• ACTION ITEM: I need the lines from the one containing "Vintage 1950&#39;s Original" through the last line of the entries retyped exactly, with no pictures among them.
==== DATA
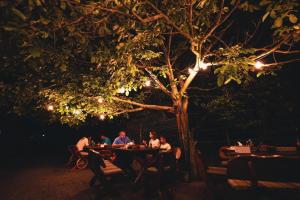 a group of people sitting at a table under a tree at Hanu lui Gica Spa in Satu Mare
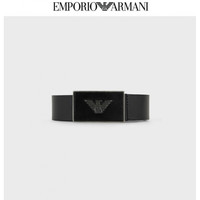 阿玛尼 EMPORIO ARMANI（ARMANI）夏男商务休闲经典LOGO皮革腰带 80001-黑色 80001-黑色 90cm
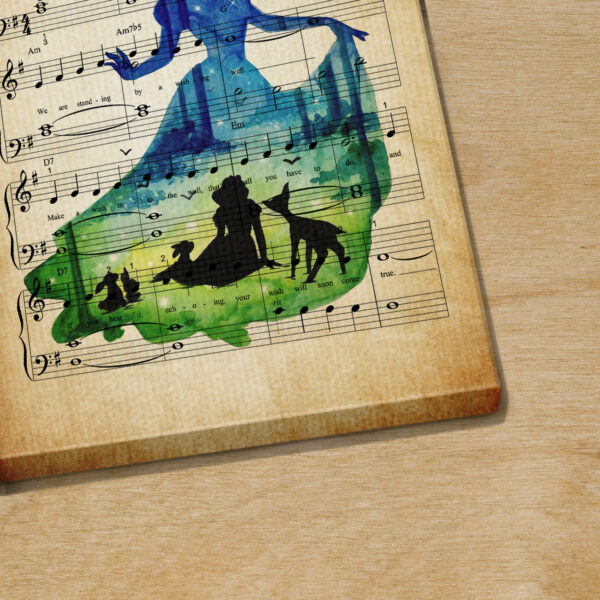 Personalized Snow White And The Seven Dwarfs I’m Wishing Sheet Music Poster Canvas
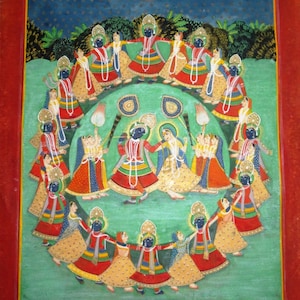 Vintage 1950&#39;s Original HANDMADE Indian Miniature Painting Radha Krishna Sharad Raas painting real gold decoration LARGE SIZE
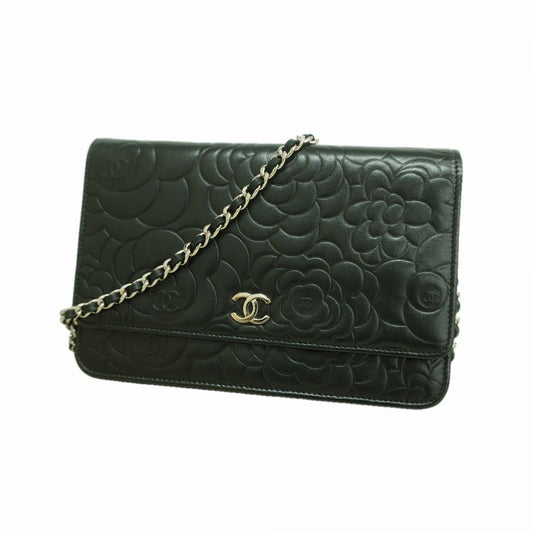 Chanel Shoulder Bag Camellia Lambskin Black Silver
========
• SOLUTION TO THIS PROBLEM:
 Vintage 1950&#39;s Original HANDMADE Indian Miniature Painting Radha Krishna Sharad Raas painting real gold decoration LARGE SIZE
 Chanel Shoulder Bag Camellia Lambskin Black Silver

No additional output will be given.